Search code examples
pythonnltkstemminglemmatization

NLTK-based stemming and lemmatization


I am trying to preprocess a string using lemmatizer and then remove the punctuation and digits. I am using the code below to do this. I am not getting any error but the text is not preprocessed appropriately.

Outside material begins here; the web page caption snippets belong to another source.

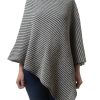 Grey and Black Combination Poncho - Image 2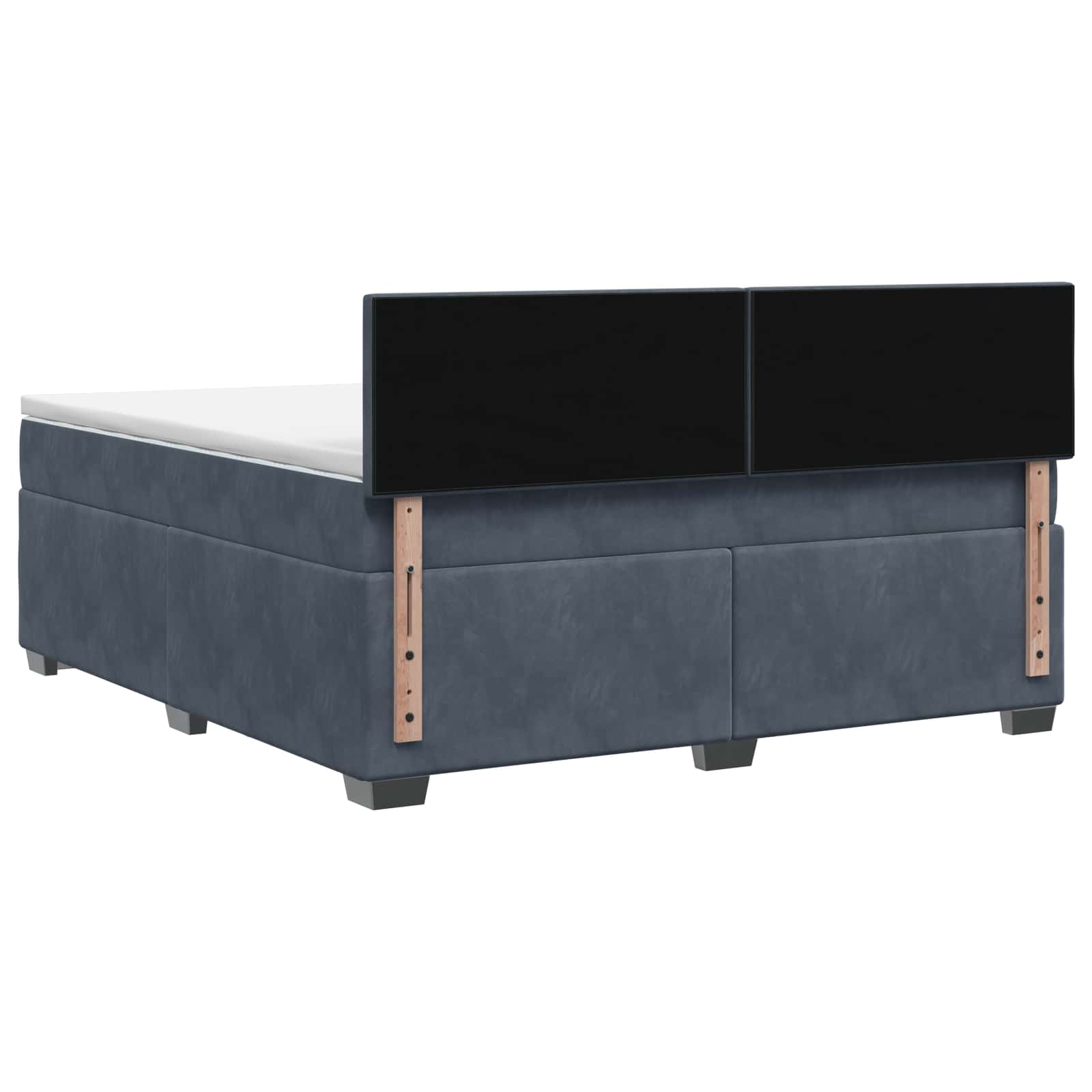 Κρεβάτι Box Spring με Στρώμα και LED Σκούρο Γκρι 180 x 200 cm - Pakobazaar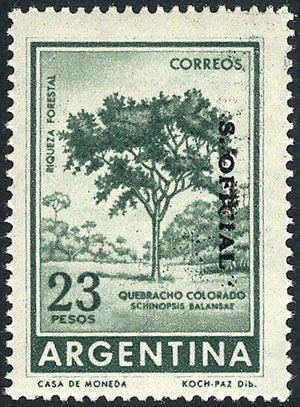 Lot 1283 - Argentina official stamps - Guillermo Jalil - Philatino Auction # 2339 ARGENTINA: Budget auction with very good material of all periods, including rarities! Lot 1283 - Argentina official stamps - Guillermo Jalil - Philatino Auction # 2339 ARGENTINA: Budget auction with very good material of all periods, including rarities!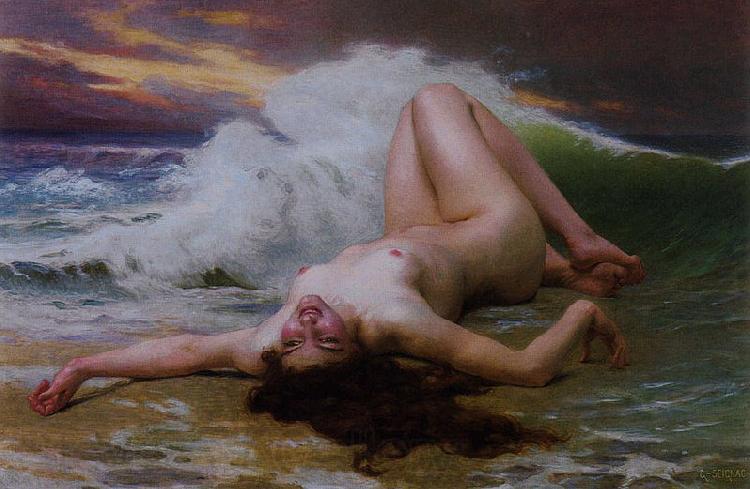 Guillaume Seignac The Wave Germany oil painting art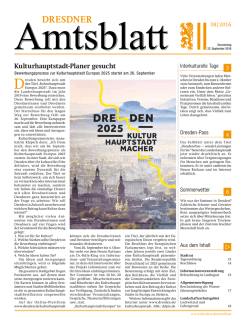 Dresdner Amtsblatt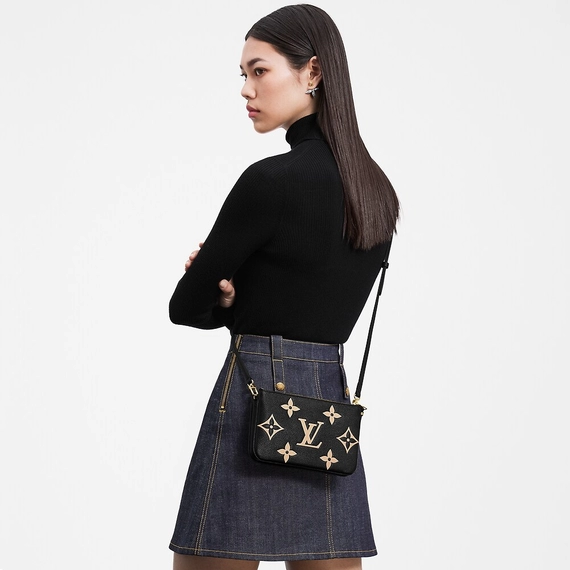 Original Louis Vuitton Double Zip Pochette for Women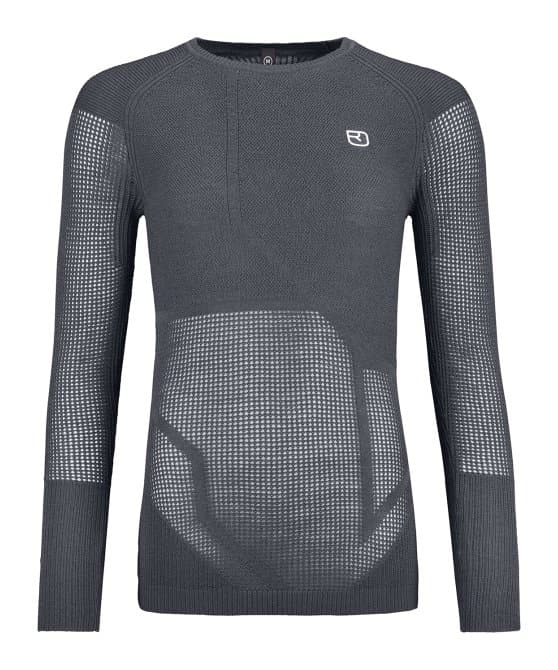 Farbe: dark grey blend - Merino Thermovent LS W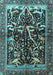 Machine Washable Persian Light Blue Traditional Rug, wshtr1844lblu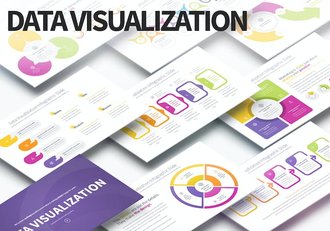 可视化数据图形PPT模板 - 顶尖PPT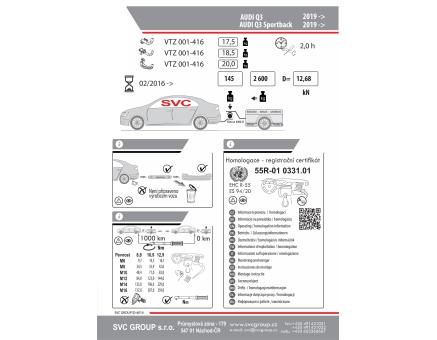 Tažné zařízení Audi Q3 12/2018->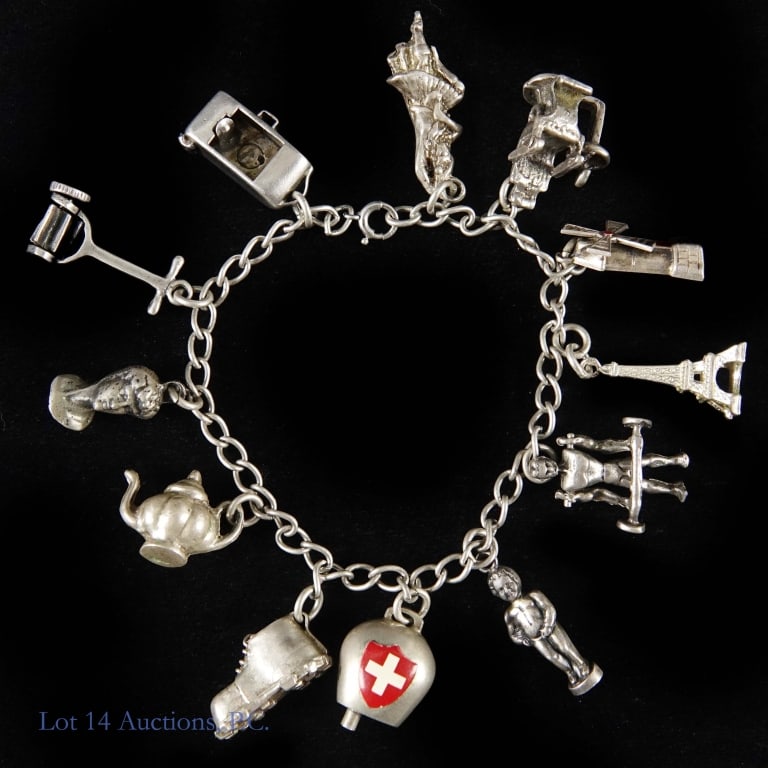 Sterling Silver Charm Bracelets - 3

Only the stop words are removed but the lemmatizing does not work and punctuation and digits also remain.

from nltk.stem import WordNetLemmatizer
import string
import nltk
tweets = "This is a beautiful day16~. I am; working on an exercise45.^^^45 text34."
lemmatizer = WordNetLemmatizer()
tweets = lemmatizer.lemmatize(tweets)
data=[]
stop_words = set(nltk.corpus.stopwords.words('english'))
words = nltk.word_tokenize(tweets)
words = [i for i in words if i not in stop_words]
data.append(' '.join(words))
corpus = " ".join(str(x) for x in data)
p = string.punctuation
d = string.digits
table = str.maketrans(p, len(p) * " ")
corpus.translate(table)
table = str.maketrans(d, len(d) * " ")
corpus.translate(table)
print(corpus)

The final output I get is:

This beautiful day16~ . I ; working exercise45.^^^45 text34 .

And expected output should look like:

This beautiful day I work exercise text

Solution

  • No, your current approach does not work, because you must pass one word at a time to the lemmatizer/stemmer, otherwise, those functions won't know to interpret your string as a sentence (they expect words).

    import re
    
    __stop_words = set(nltk.corpus.stopwords.words('english'))
    
    def clean(tweet):
        cleaned_tweet = re.sub(r'([^\w\s]|\d)+', '', tweets.lower())
        return ' '.join([lemmatizer.lemmatize(i, 'v') 
                    for i in cleaned_tweet.split() if i not in __stop_words])
    

    Alternatively, you can use a PorterStemmer, which does the same thing as lemmatisation, but without context.

    from nltk.stem.porter import PorterStemmer  
    stemmer = PorterStemmer() 
    

    And, call the stemmer like this:

    stemmer.stem(i)